That’s not correct in general.
It’s only correct if you assume that “3) Someone tells you that the family you drew has at least one girl.” was equally likely to happen whether or not there were two girls.
That’s a quite strong assumption.
One can make different assumptions and get answers different from 1/3. For example, 1/2.
Becomes intuitive if you ask "nth one is a girl. What is nth+1 one likely to be?", for any arbitrary number
And then theres that intersex kid that makes all the numbers wrong
I think the explanation is wrong. It is based on the probability of having combinations of boys and girls and then counting the combinations that have at least one girl, but this is not the situation: there is no probability in question for one of the kids, it is a confirmed, past event and the only other probability is the sex of the other kid.
Otherwise you can derive any probability as a branch of a probability tree that contains it and calculate the probabilities of the tree and then the one of the branch.
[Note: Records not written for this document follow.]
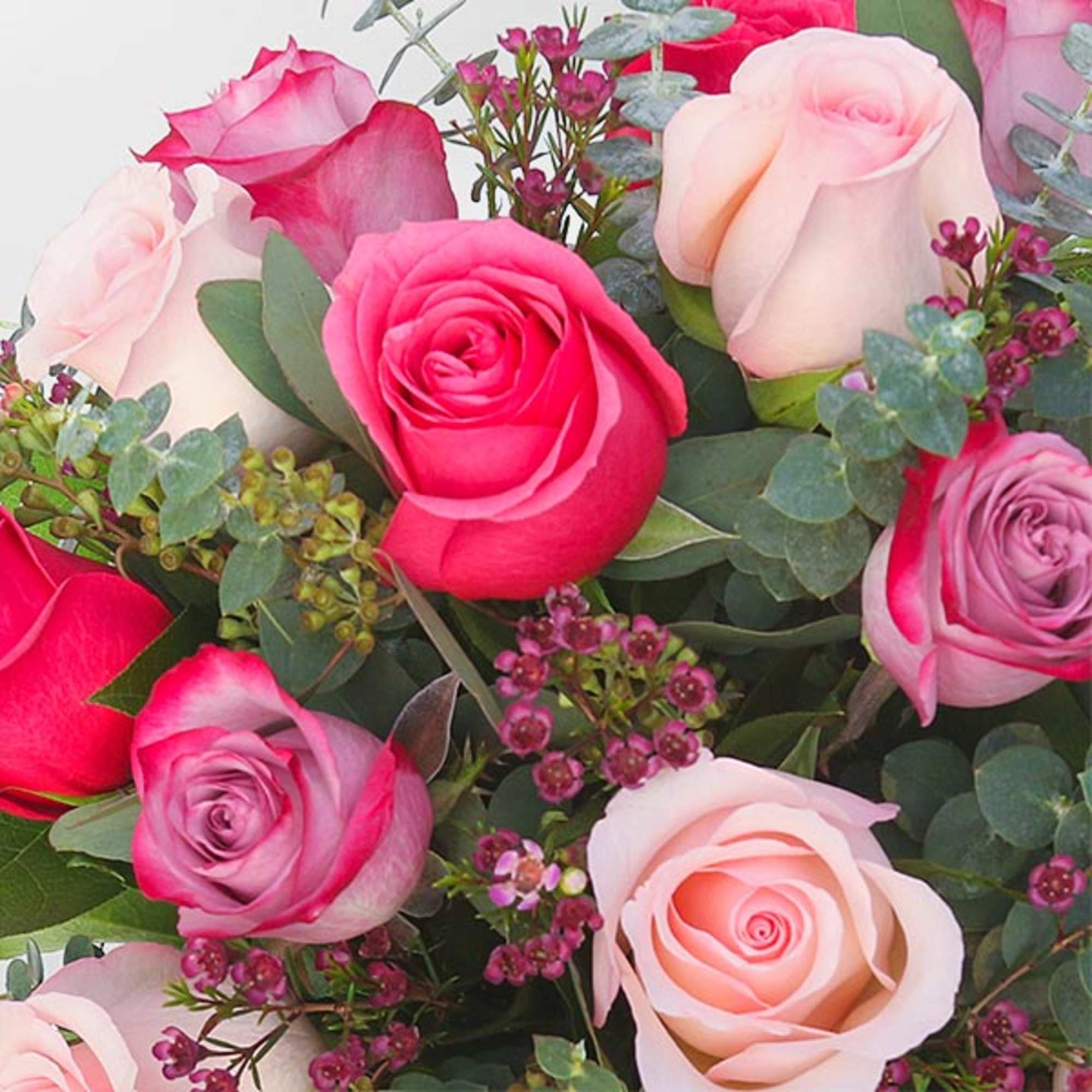 [ Height: 10&#039;&#039; - 11&#039;&#039; | Diameter: 11&#039;&#039; - 12&#039;&#039; ]
A crown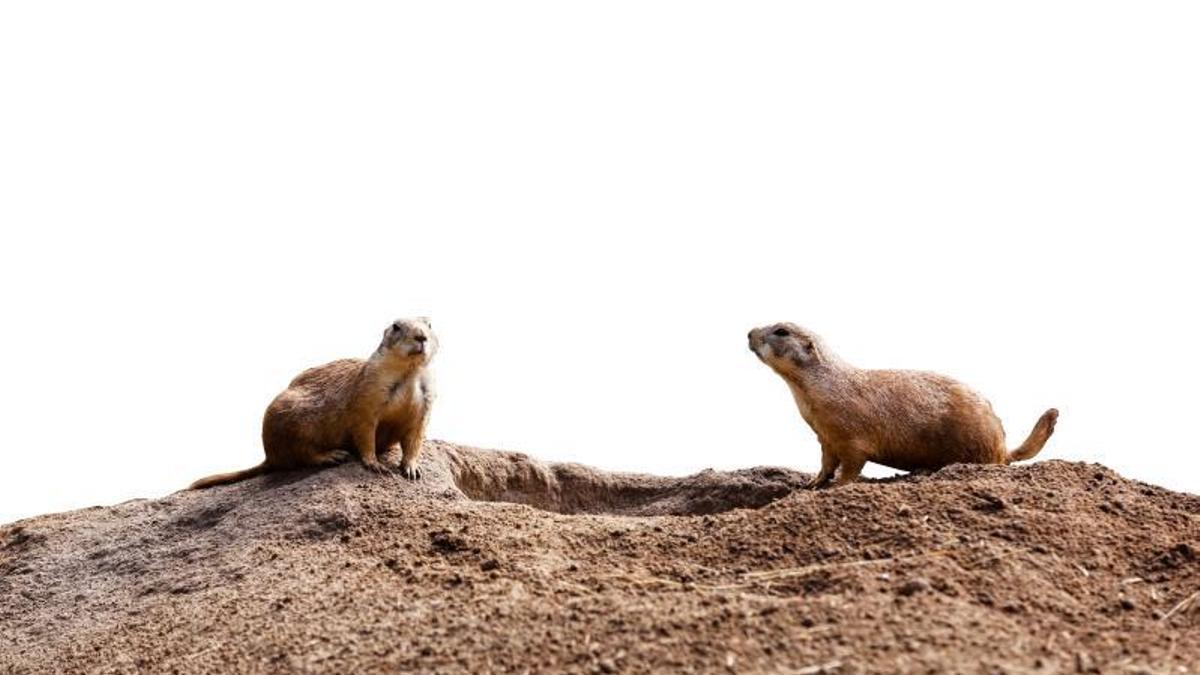 EL DÍA DE LA Marmota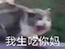 微信近期斗图恶搞表情包2019/11/5（二）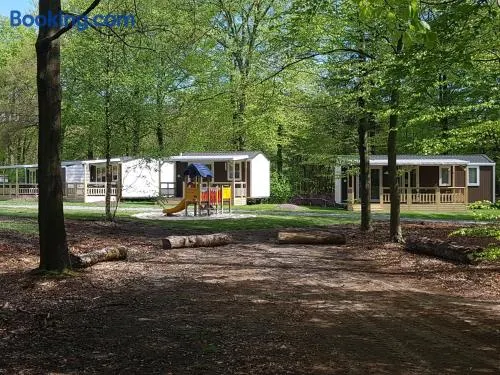 Boscamping Appelscha - Image 1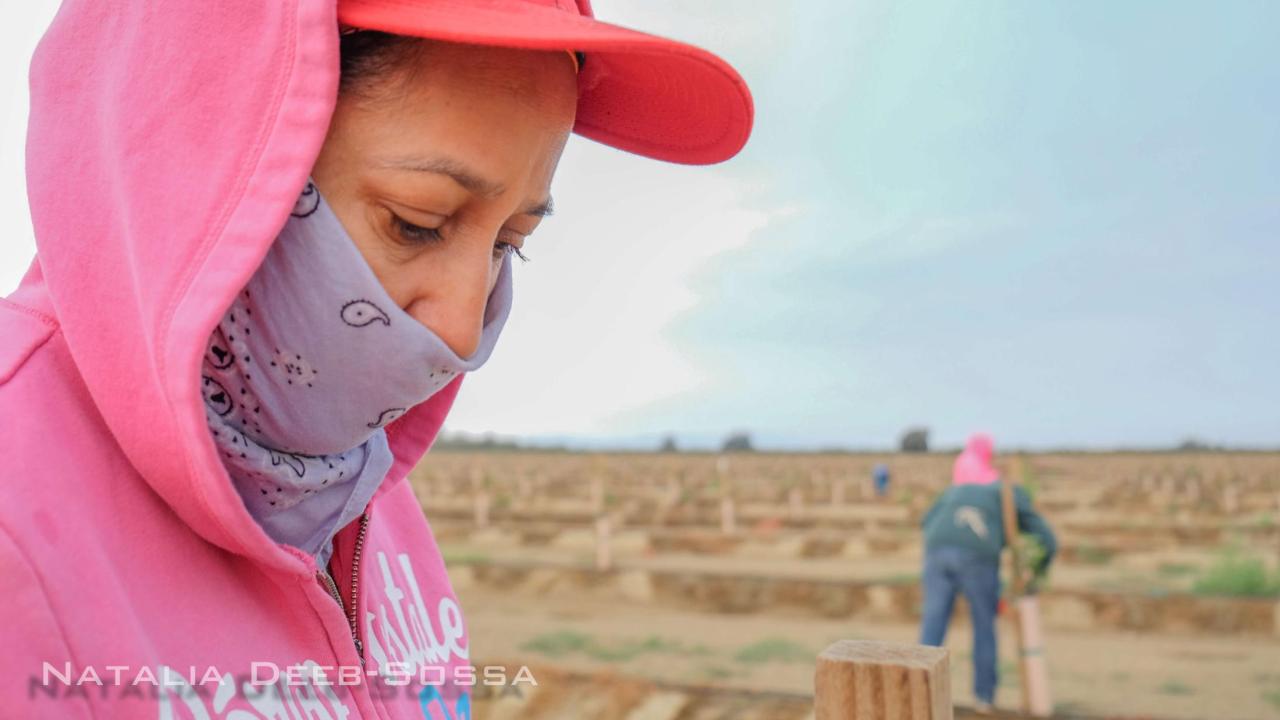 Farmworker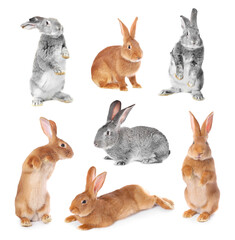 Obraz premium Cute fluffy rabbits isolated on white, collage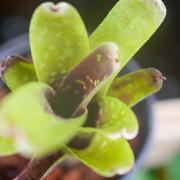 Neoregelia 'Domino 2' – Broméliacée tropicale rare au feuillage panach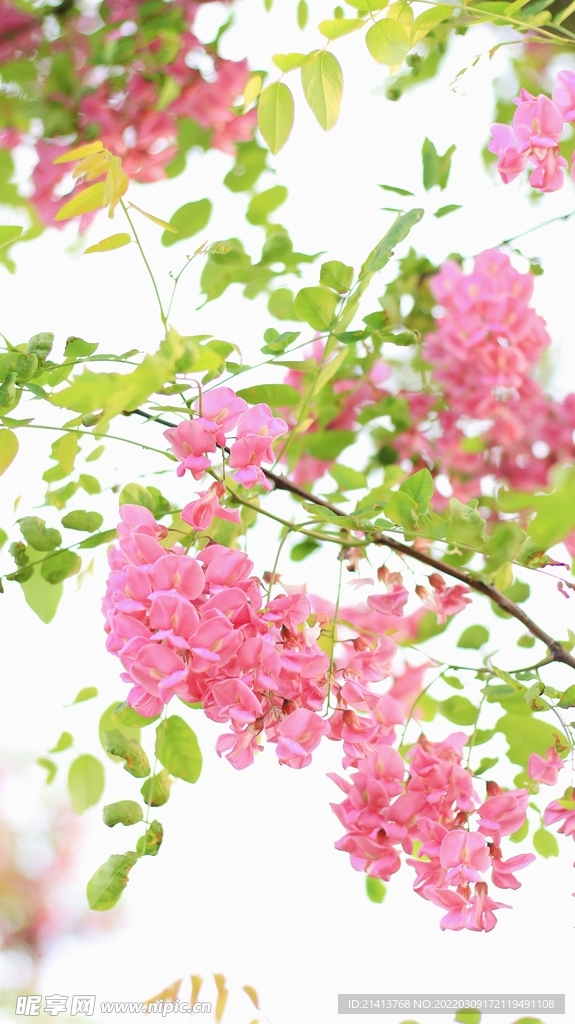櫻花桃花鮮花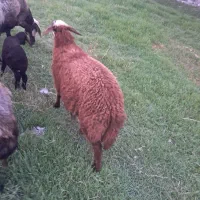 سلام وقت بخیر بره ماده چاق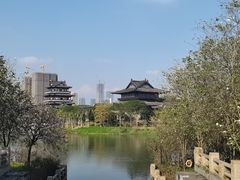 -海珠湖公园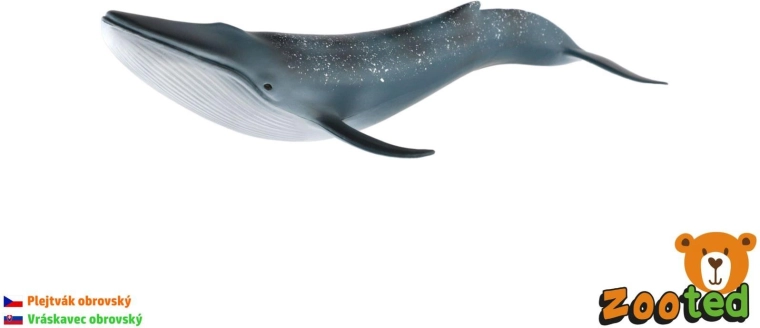 Modello di balenottera azzurra 27 cm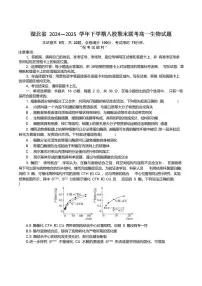 湖北省八校联考2024-2025学年高一下学期6月期末生物试卷（含答案）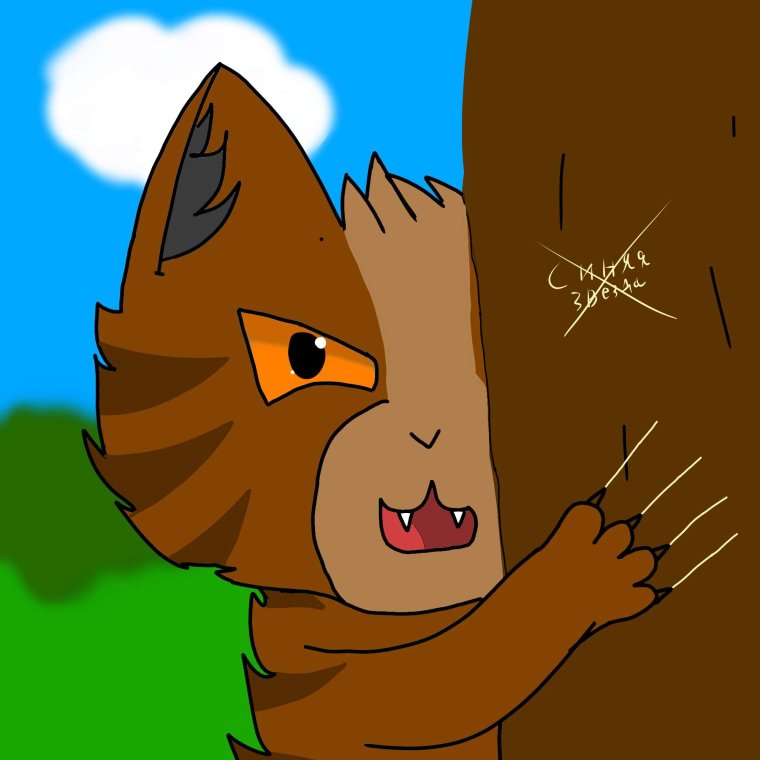 Коты Воители Звездоцап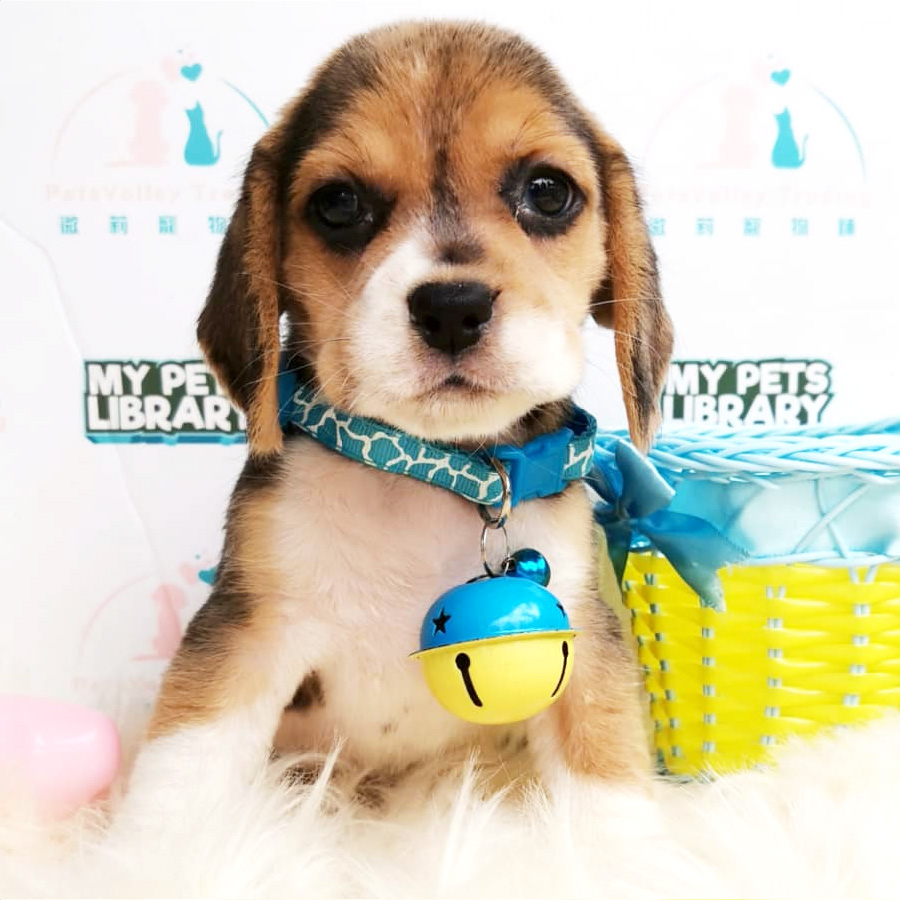 Beagle Puppy For Sale (Male)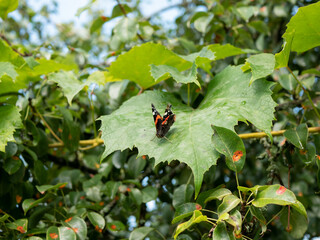 Vanessa Atalanta is sitting on the grape leaf in the garden. Insect pests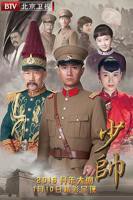 少帅电视剧全集高清完整版免费在线观看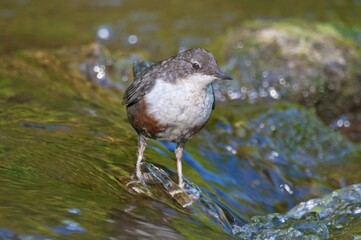 White-throated dipper (Cinclus cinclus), young bird, not yet fully coloured, Germany, Europe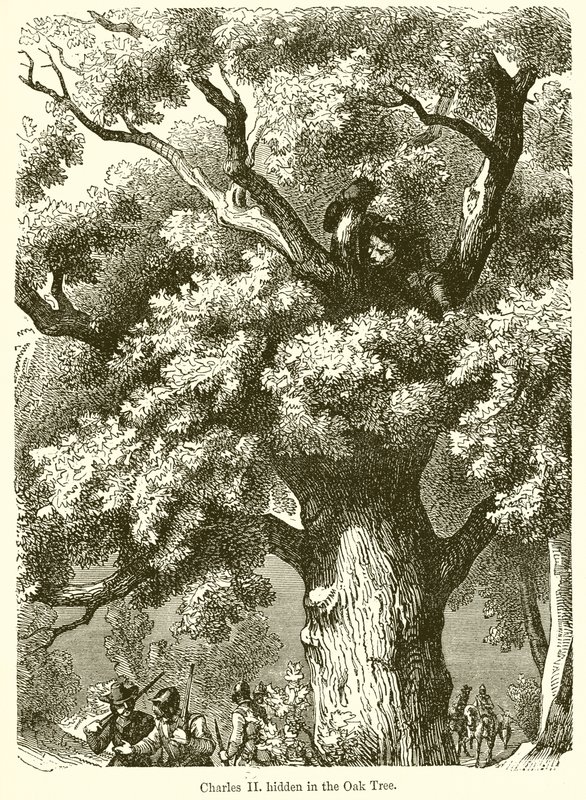 Károly II. elrejtve a Tölgyfában alkotó: English School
This makes no sense.
For example, a family has a kid and the kid is a girl. The family wants another kid; what is the probability to be a girl? Is it 1/4 because having 2 girls is 1/4? No, it is 1/2 as it is for any new kid.
Your example is different in a critical way. These two questions are not equivalent.
Q1: I looked at only one of a pair of two randomly selected children and it was a girl. What is the probability the other I didn’t see is a girl?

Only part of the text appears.